What exactly are you having problems with? I assume you didn't use a Mac a decade ago when even sharing documents with Windows users wasn't completely smooth. You obviously also weren't around during Mac OS X 10.0 which was quite frankly a mess. Slow, buggy it was awful. So much so that 10.1 was given as a free update as an acknowledgement that 10.0 was unacceptable. It took a few versions of OS X before it was good. If Apple did that today with their operating systems there would be madness on the internet.
A few years ago when the iPhone 3G was released there was a serious issue where the keyboard lagged in the messages app. It killed the UX, bit took a few bug fix releases to iron the problem out.
Have Apple listened to Shareholders recently? In what way? I can't think of any product related decisions that have been made to appease shareholder concerns - it they did the 5c would have been a very cheap phone to target emerging markets.
Now when it comes to the cash hoard they have listened - they seem to have given more back to the shareholders and increased their share buyback than they initially were going to. This is fine as long as they have enough cash on hand to run the business freely.

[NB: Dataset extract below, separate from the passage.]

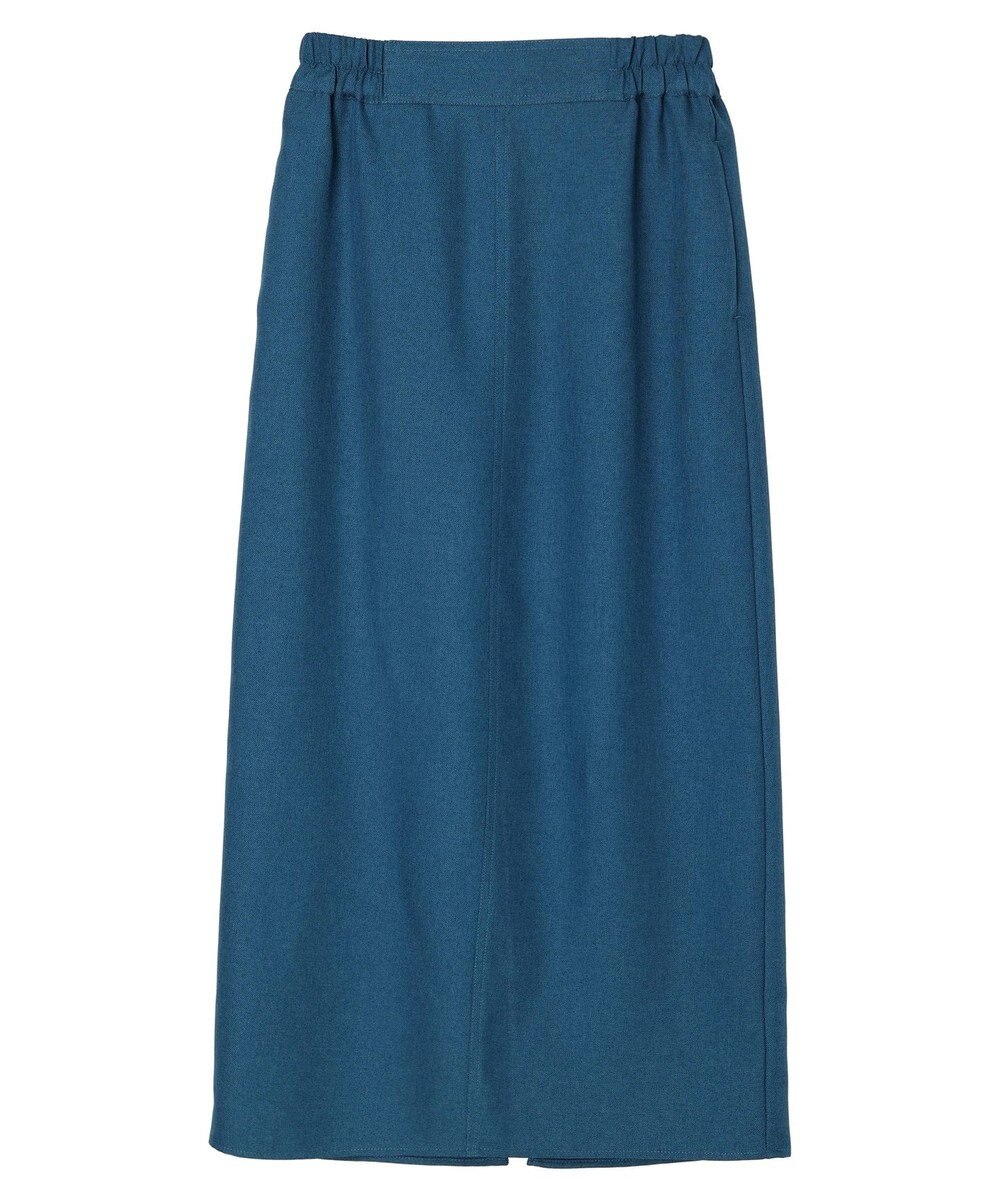 Green Parks 麻調Ｉラインスカート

My favorite lie out of the entire post-Jobs era: "Steve left us five years of product roadmap before he passed on." What a load of nonsense, perfectly crafted to calm stock prices. There is no roadmap. They don't have a clue what the "next big thing" is. And to be perfectly honest, not a soul in Apple's boardroom cares.
Roadmap does not equal completely new product categories.
The 4S was new after Steve's death. The 5 was new etc. They work on the latest models years in advance - iPhone 6 and 6s, iPad Air 2, mini 3 etc are well on their way design wise in a lab somewhere. These things aren't churned out in 6 months. Steve probably had input into this roadmap and that's what he was saying.
There might be no "next big thing", but nobody has ever said there was.
And why should they? The billions keep pouring in and they'll all be long gone by the time the revenues dry up.
You could say that about any profitable company.
The fact that over the last few weeks we've been given a new mobile OS, a new desktop OS, new iWork and iLife suites (with feature parity across desktop, tablet, phone and web) for free, an iPad Air with solid reviews, the Retina iPad mini that everyone has wanted, a move to a 64-bit architecture, a screaming A7 chip which bests the competion on most benchmarks, TouchID (which is my favourite smartphone addition since Retina) etc, etc.
The board Cook and all the Vice Presidents have more money than they could realistically spend. If they didn't care they would just sell crap. Crap would not sell, crap would not get good reviews. On the contrary the goods are selling and they are getting great reviews.
You reflection to me sounds like someone who has used Apple products for a few years and think they have historically been perfect. They really havent.
Throughout my response to your reflection I've realised Apple is still the company it always was, and is evolving IMO nicely. Their current crop of products are some of the best reviewed they've ever had. I'm glad Tim isn't trying to be Jobs - he's just doing things his own way.